* [Dataset extract]
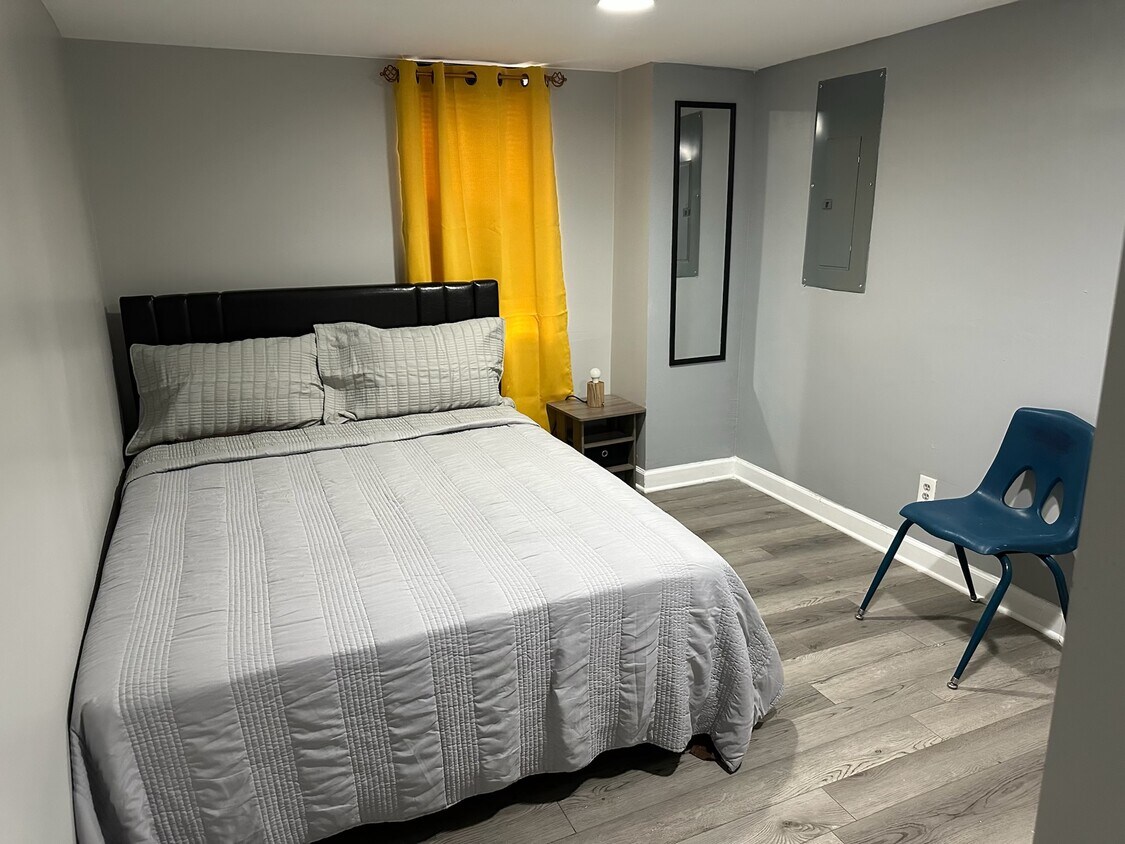 Foto principal - 4009 Elderon Ave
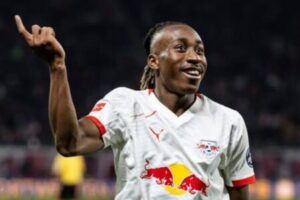 Arsenal Eye Record Deal for Vinícius Júnior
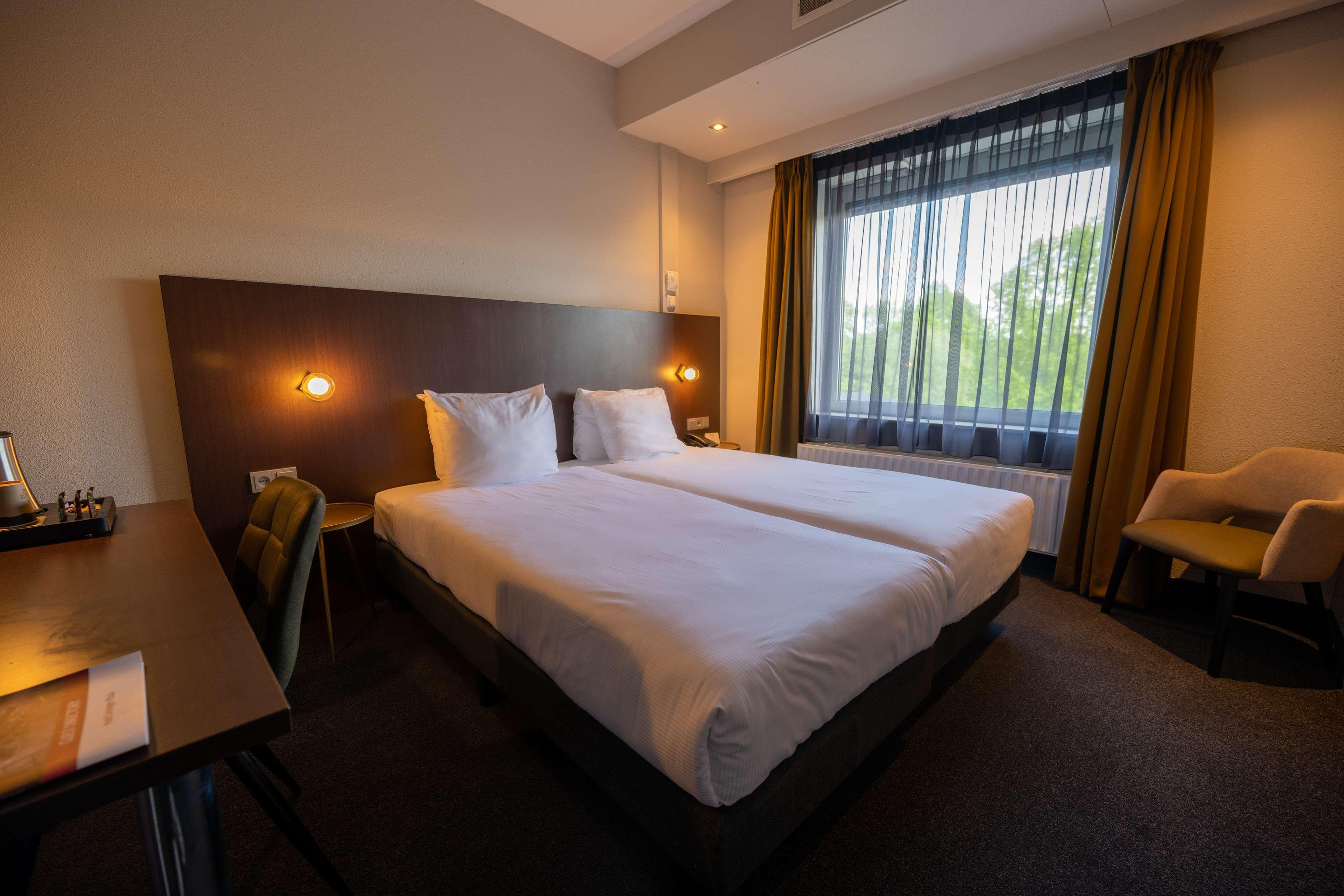 Best Western Plus Flatonia Exterior foto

* [Activity] Your answer must be the full listing, reproduced word for word, without its pictures.

* [Task result]
 Foto principal - 4009 Elderon Ave
 Arsenal Eye Record Deal for Vinícius Júnior
 Best Western Plus Flatonia Exterior foto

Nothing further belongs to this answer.